#### Assignment:
Write out each line of the material exactly as given, and drop the images.

***** Recorded data

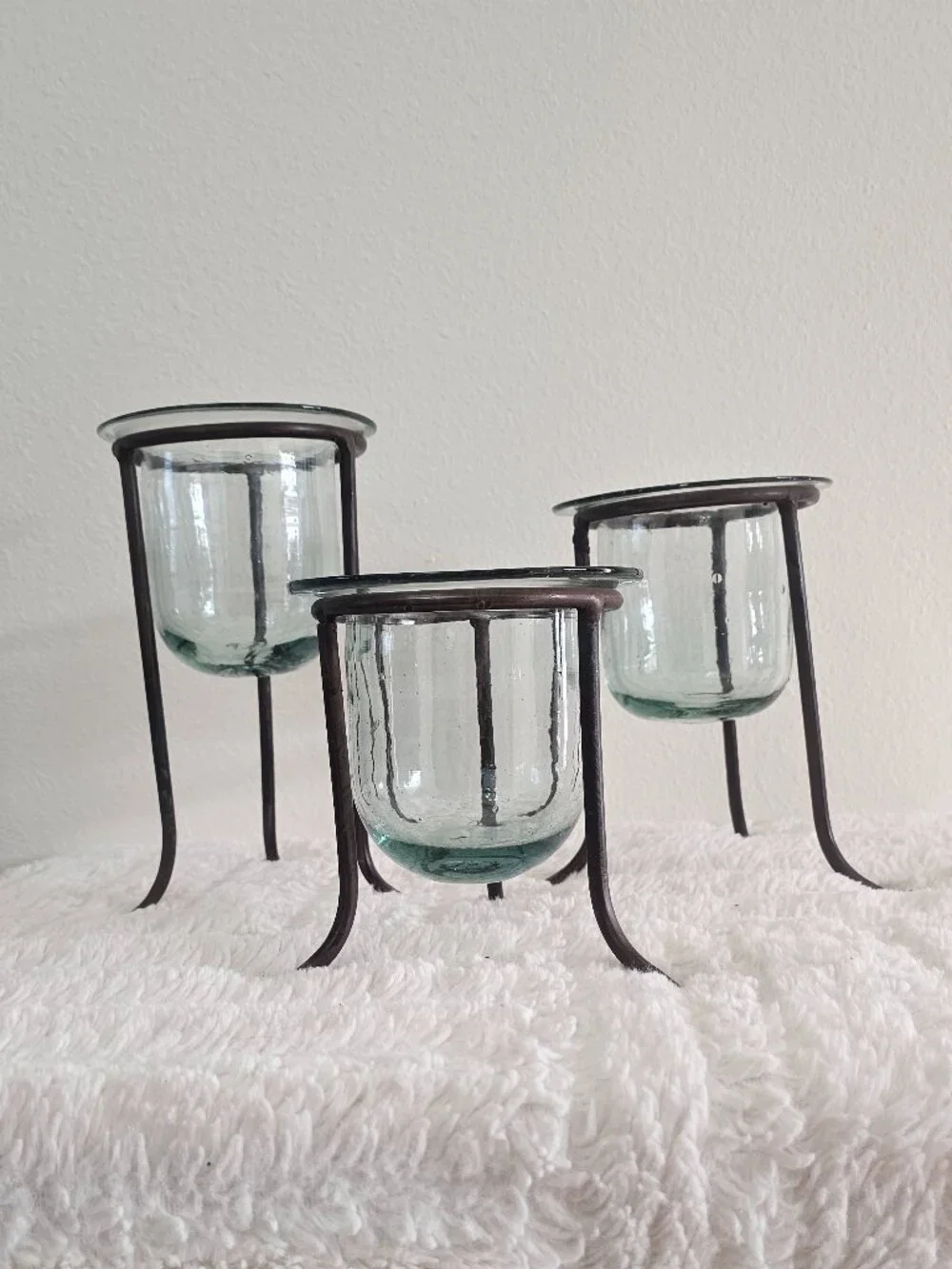 Wrought iron and hand-blown glass candle holders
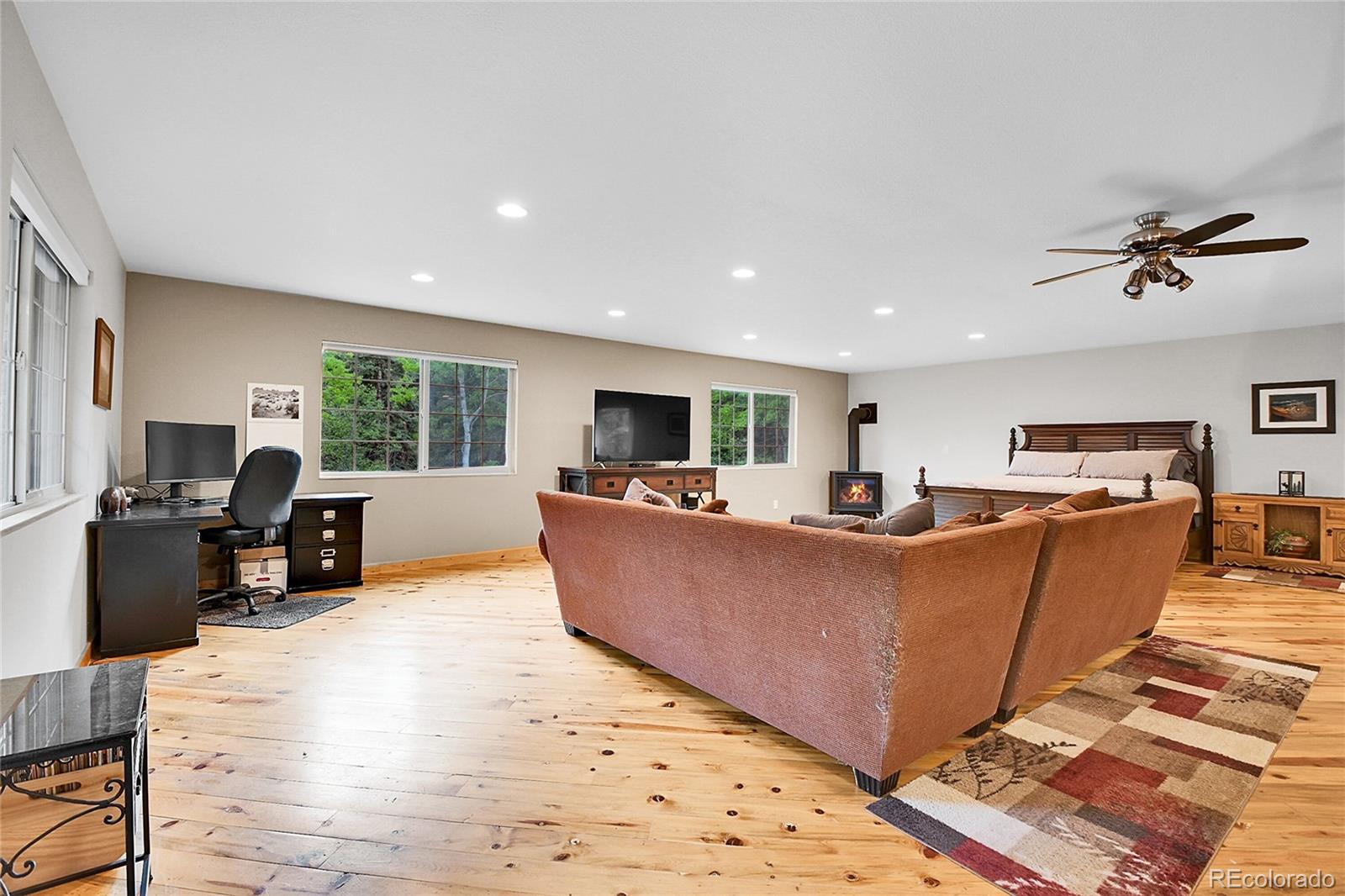 11182 Barney Gulch Road Conifer, CO 80433 - Photo 31 of 50 a living room with furniture and a flat screen tv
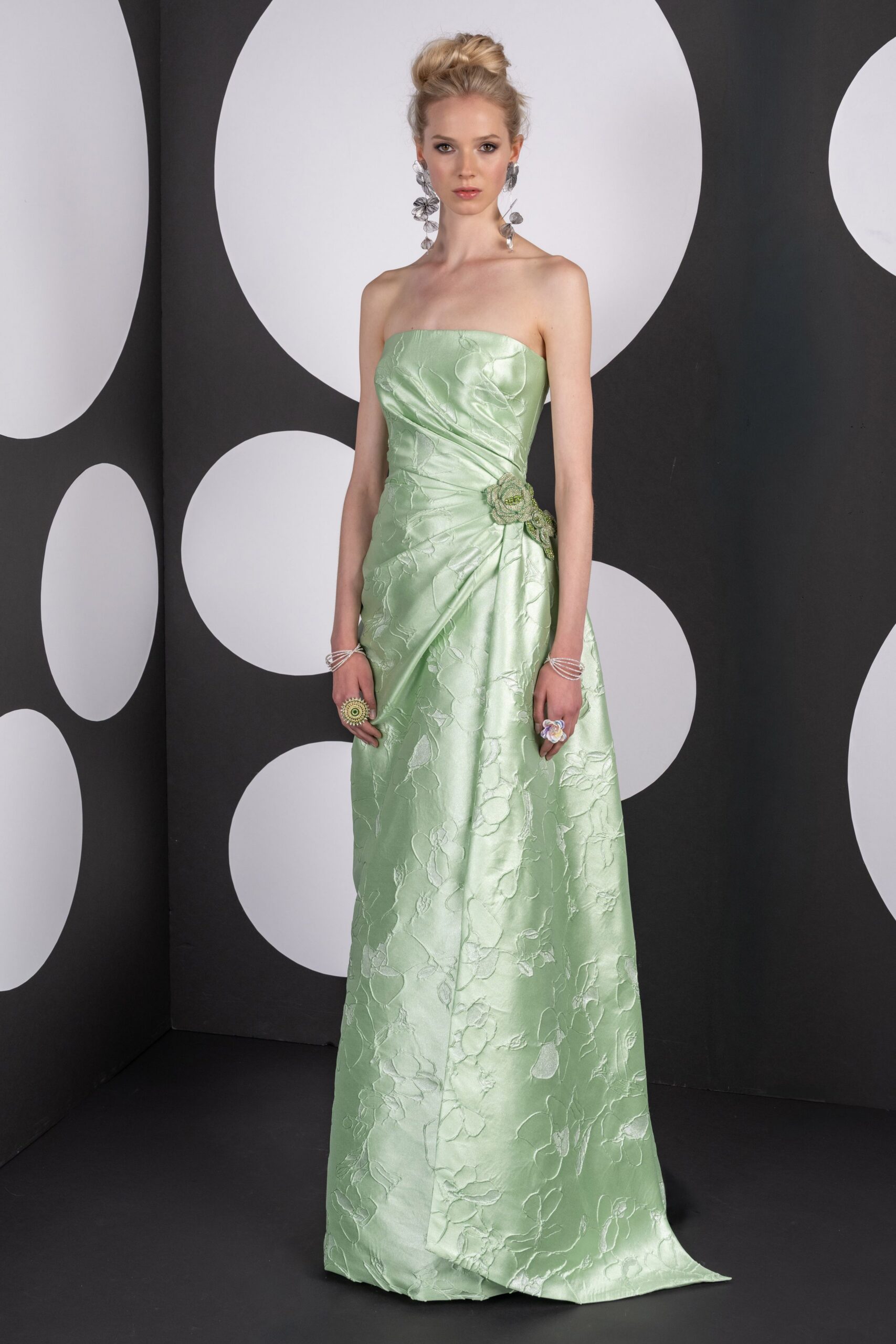 Long silver petal clusters swinging nearly to the shoulders. Strapless mint jacquard gown, ruched sideways into a beaded flower at the hip. Coiled silver bangles stacked at both wrists. Oversized flower rings, one pistachio and one lilac. Garden wedding reception, the cake table already losing petals in the heat.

**********

#### Exercise response:
 Wrought iron and hand-blown glass candle holders
 11182 Barney Gulch Road Conifer, CO 80433 - Photo 31 of 50 a living room with furniture and a flat screen tv
 Long silver petal clusters swinging nearly to the shoulders. Strapless mint jacquard gown, ruched sideways into a beaded flower at the hip. Coiled silver bangles stacked at both wrists. Oversized flower rings, one pistachio and one lilac. Garden wedding reception, the cake table already losing petals in the heat.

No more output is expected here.